あわあわと慌てる英奈だったか、男性は少しも怒ることはなく、
「気にしないでくださいお嬢さん。それより折角購入したものを台無しにしてしまったことが悔やまれます。少し待っていてください」
優しい声色で言って全く同じものを購入してきた。それを英奈に差し出し、どうかお気になさらずと言い残して去っていく。大きな声で呼び止めるのも躊躇われた英奈は、その場で腰を折ることで感謝の気持ちを表した。
「勿体無いことしちゃったな。お兄ちゃんに謝らなきゃ」
今度はぶつからないように慎重な足取りで席へ戻っていく少女の気配を背中に感じながら、スーツの男は掌で顔を覆い、クツクツと喉を鳴らして笑う。指の間から覗く瞳は微塵も笑っていなかった。
「えぇ、たくさん謝っておきなさい。後から悔やまないようにねぇ」
☆ ☆ ☆
「可愛い妹さんね」
「英奈は世界一可愛い生物だからな」
「お兄さんはだいぶキモいけどね」
「俺は世界一キモイ兄でも世界一英奈を愛してる男だからな。問題ない」
英奈がドーナツを買ってくると進言した為、少しの間だけ本来の『二人デート』状況になった詠真と鈴奈は、本当にどうでいい会話ばかり繰り広げていた。
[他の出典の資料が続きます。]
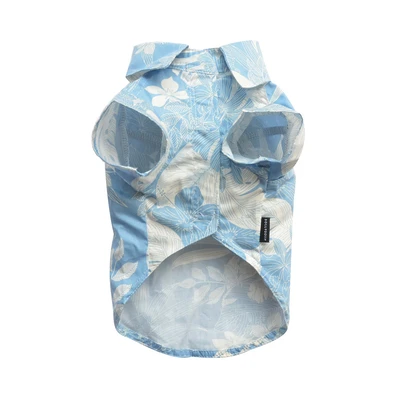 Gambar Doggy Dolly Ukuran XL Baju Kemeja Anjing Leaf - Biru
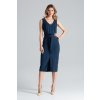 Modré šaty s mašľou M633 Navy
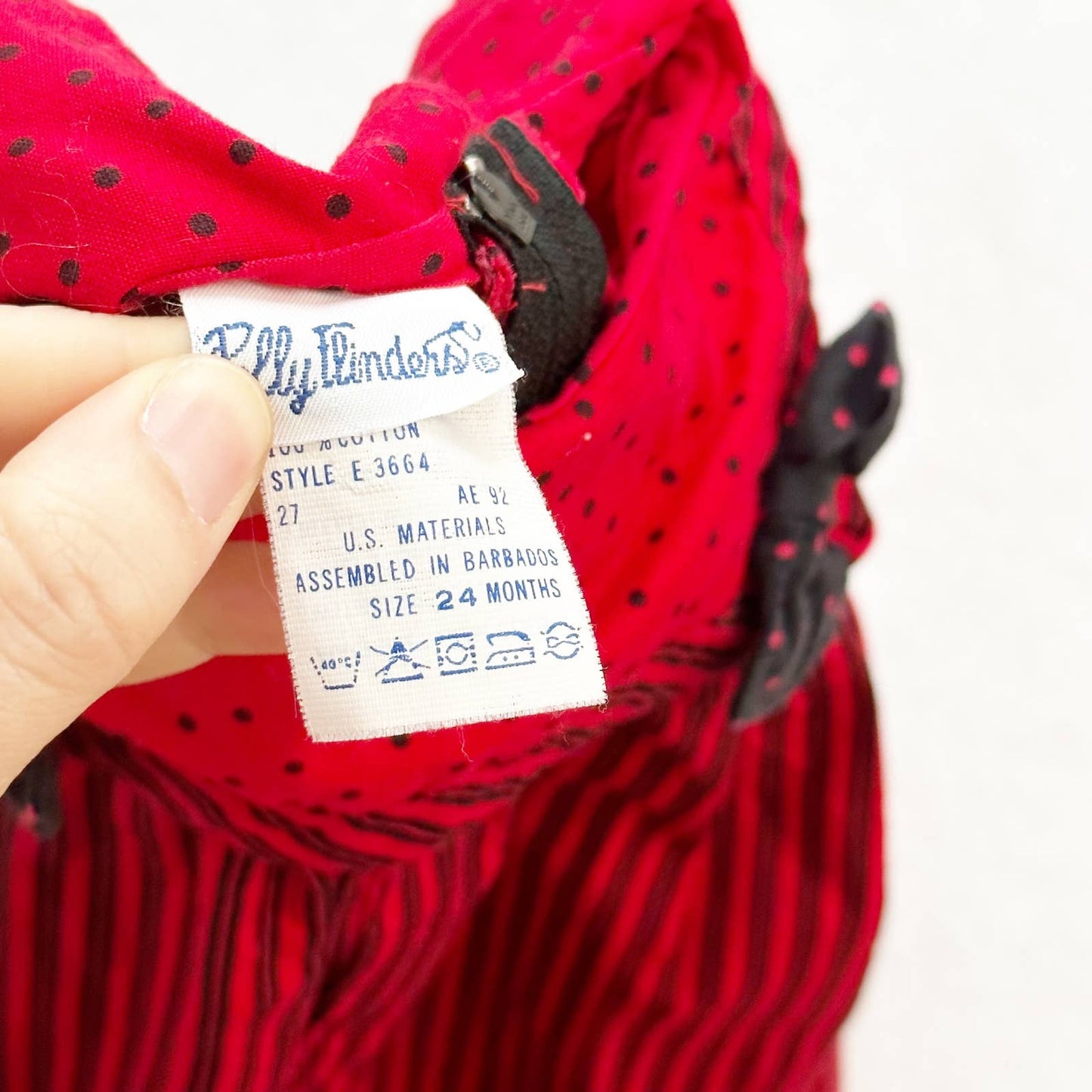 Vintage Polly Flinders Striped Polka Dot Romper: 18/24m - Yellow Clover Vintage Kids Clothes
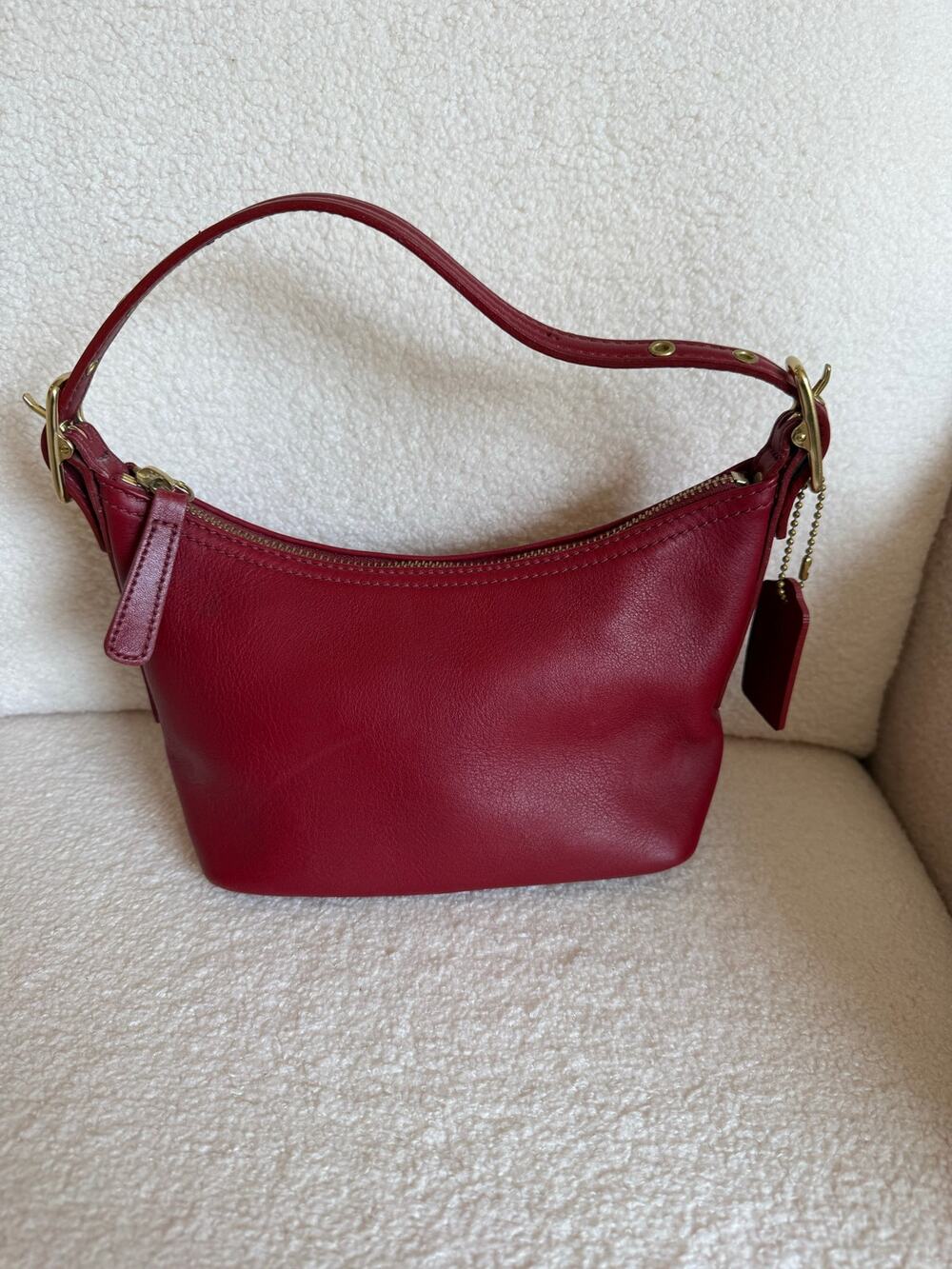Coach Legacy West Demi Pouch (Style 9844) hobo shoulder bag Red baguette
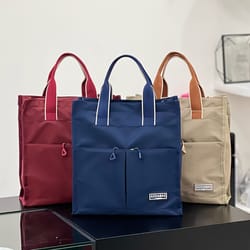 multi-pocket zipper closure school work bag, large capacity nylon tote bag, machine washable for students books lunch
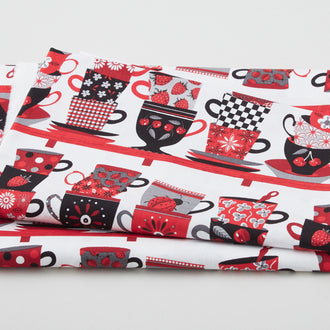 Let's Partea - Teacup Stripe White 2 Yard Cut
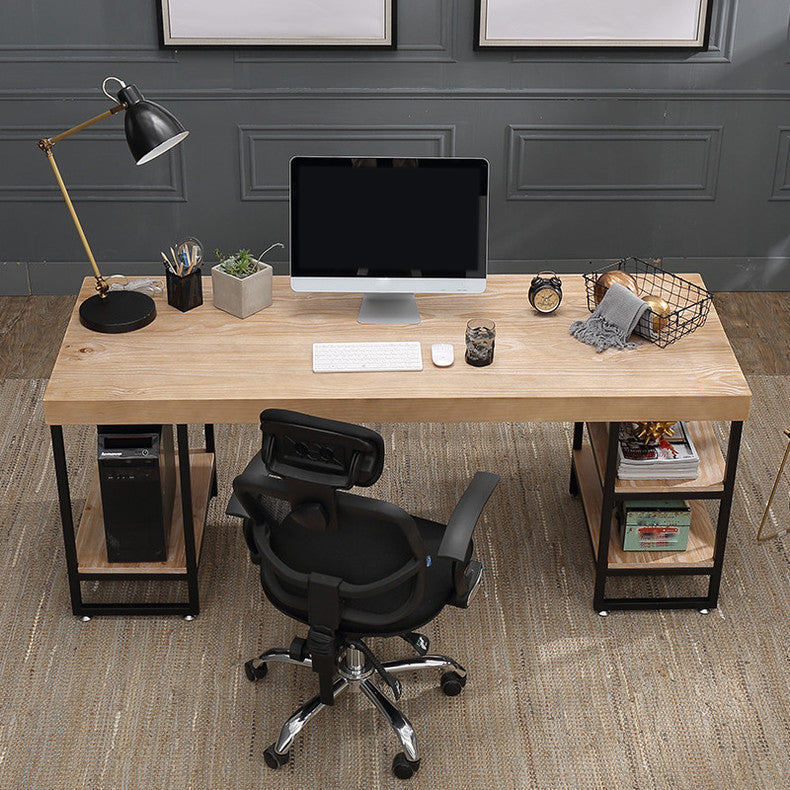 Contemporary Style Office Desk Solid Wood Writing Desk with Shelf 86.6"L x 31.5"W x 29.5"H Clearhalo 'furn' 'furn_office_desk' 'Furniture' 'Office Desks' 'Office Furniture' 'office_desk' 5553036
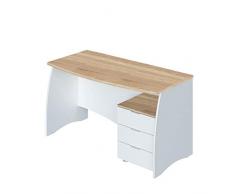 Habitdesign Mesa de Despacho con 3 Cajones, Mesa de Oficina o Estudio, Modelo Stil, Acabado en Balnco Artik y Roble Canadian, Medidas: 136 cm (Ancho) x 67 cm (Fondo) x 74 cm (Alto)
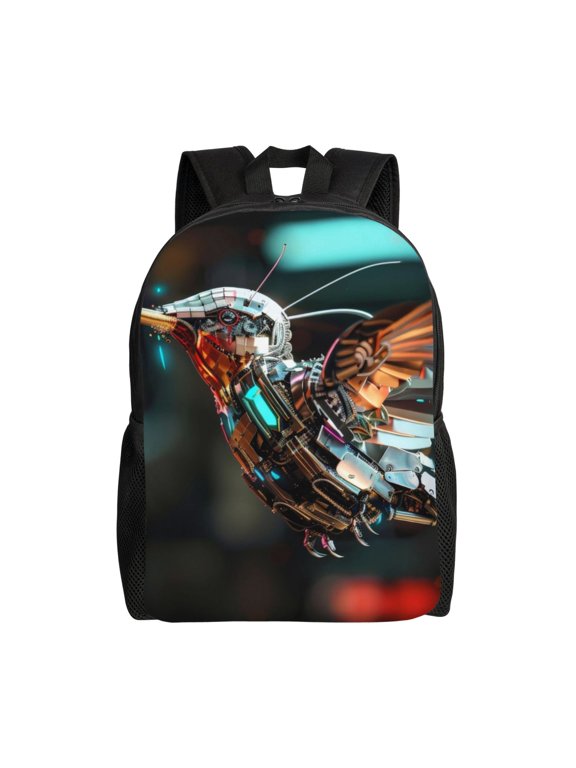 Futuristic Robot Hummingbird Print Laptop Backpack,Work Business Backpacks, Large Capacity Nurse Bag College Bookbag for School, Waterproof Casual Daypack for Travel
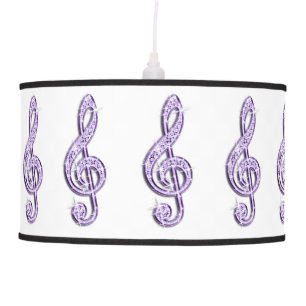 Sparkly Purple/ Lilac Music Note Pendant Lamp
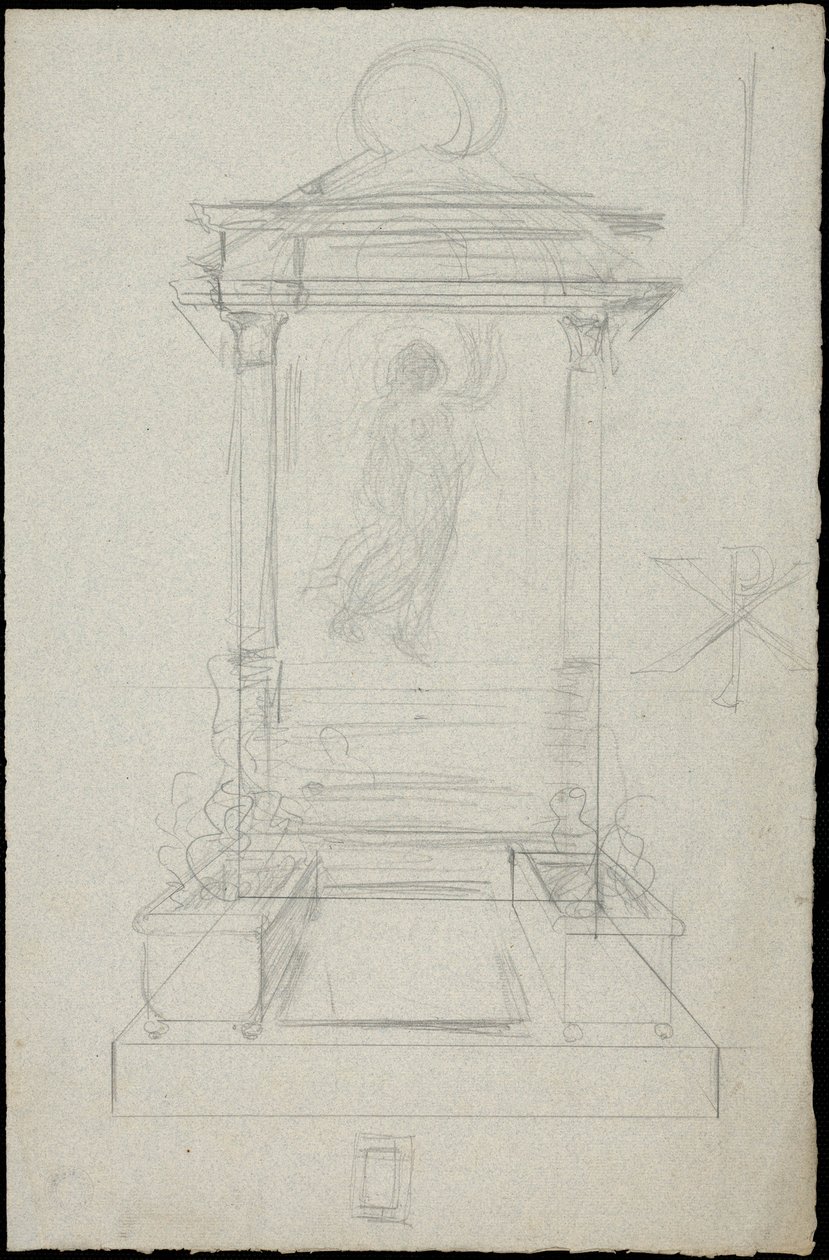 Sketch of Tomb for the Karakehia Family at Père Lachaise Cemetery in Paris by Adolphe Victor Geoffroy Dechaume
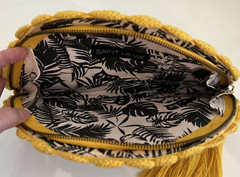 Crochet Curved Clutch Purse With Tassel Yellow Zipper Closure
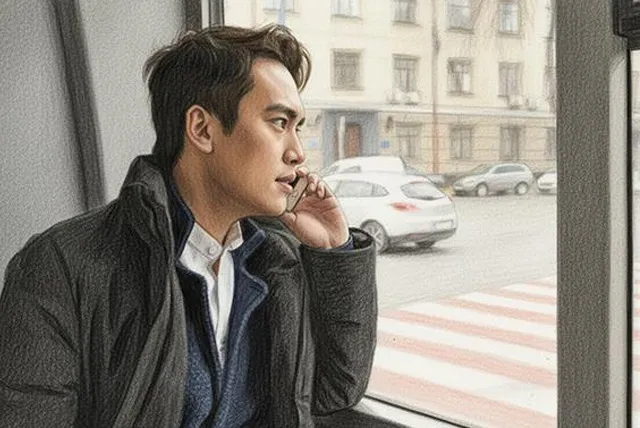 バスに乗って電話をする男性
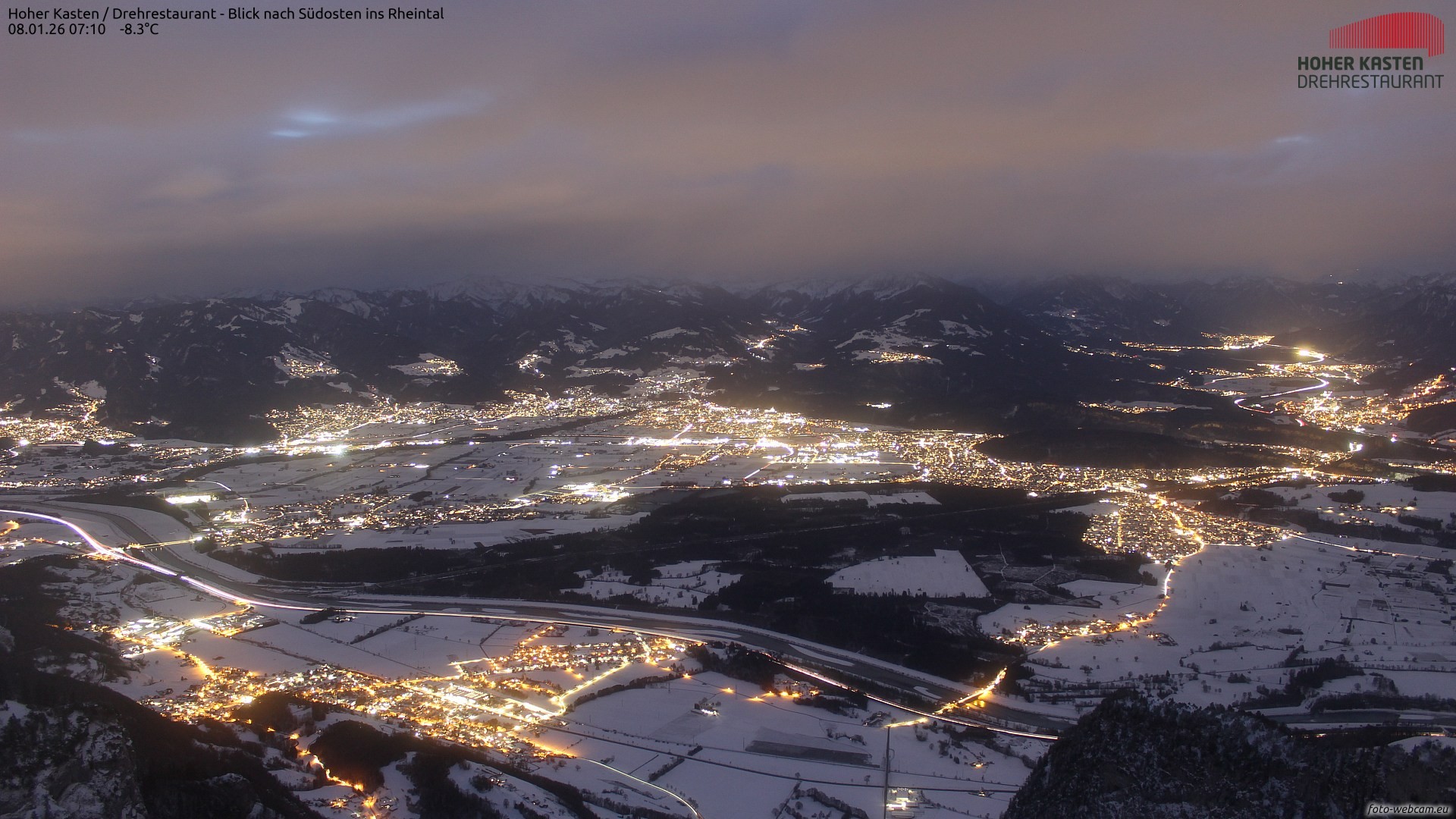 Archived image Webcam Hoher Kasten - View to the Rheintal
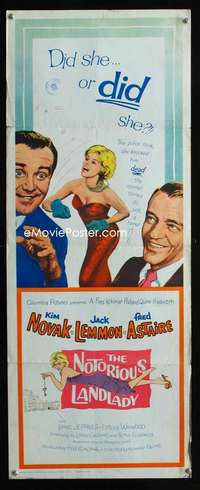 f429 NOTORIOUS LANDLADY insert movie poster '62 Novak, Lemmon, Astaire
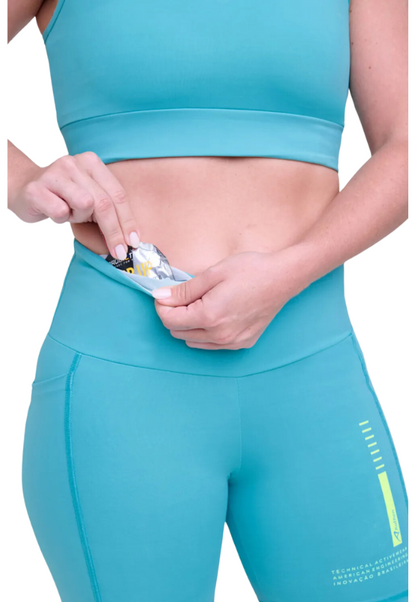 Bermuda Signature Samba 15 Cm Verde Água / Amarelo Fluor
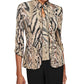 Alex Evenings Women's Animal Print Twinset Brown Size Small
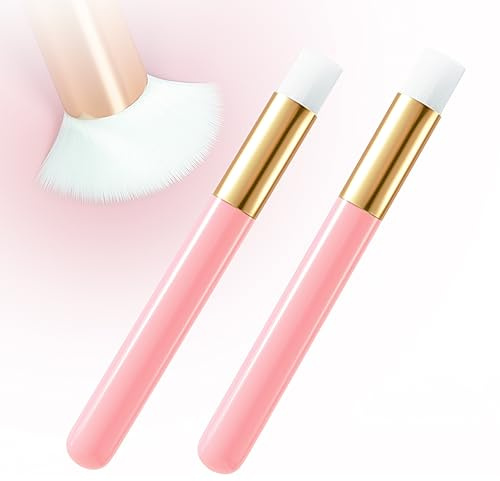 Buqikma 2 Pieces Lash Brush Cleaning Lash Shampoo Brushes for Nose Cleaning Fan Brush Peel Off Blackhead Brushes Remover Tool, Lash Wash Supplies（Pink）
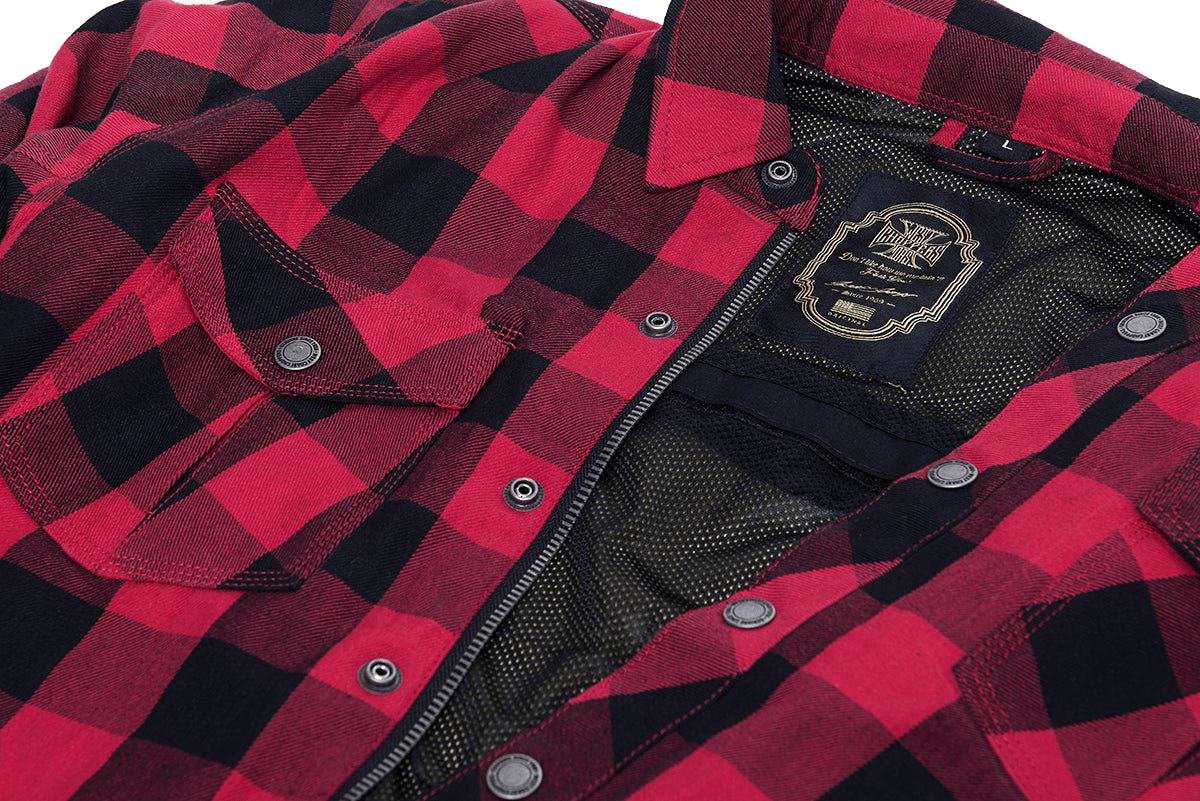 WCC - DOMINATOR KEVLAR RIDING FLANEL SHIRT - RED/BLACK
「そういえば尻がデカいを取り消してもらってないんだけど」
「サイズは?」
「よくもまあそんなナチュラルに聞けるわね……」
「冗談だ」
「上から八三、六◯、八六よ」
「あ、教えてくれるんだ」
「いいわよ減るもんじゃないし。で、どうなの?」
「知らん。英奈よりデカい」
「当たり前でしょ……」
呆れたのか鈴奈はテーブルに頬杖を突き、じっと詠真の顔を眺め始めた。
よく分からないが詠真も眺め返してみる。
思えば、舞川鈴奈はかなりオープンな女性だと言える。今日一日、まだ数時間しか時間を共にしていないが、それは言動の数々から見て取れる。なぜそこまで、そう考えて、詠真は一つの答えを導き出した。だがスリーサイズを聞くより失礼にあたるだろうそれを、簡単にぶつけてしまっていいものかどうか。いや、限りなくダメだろう。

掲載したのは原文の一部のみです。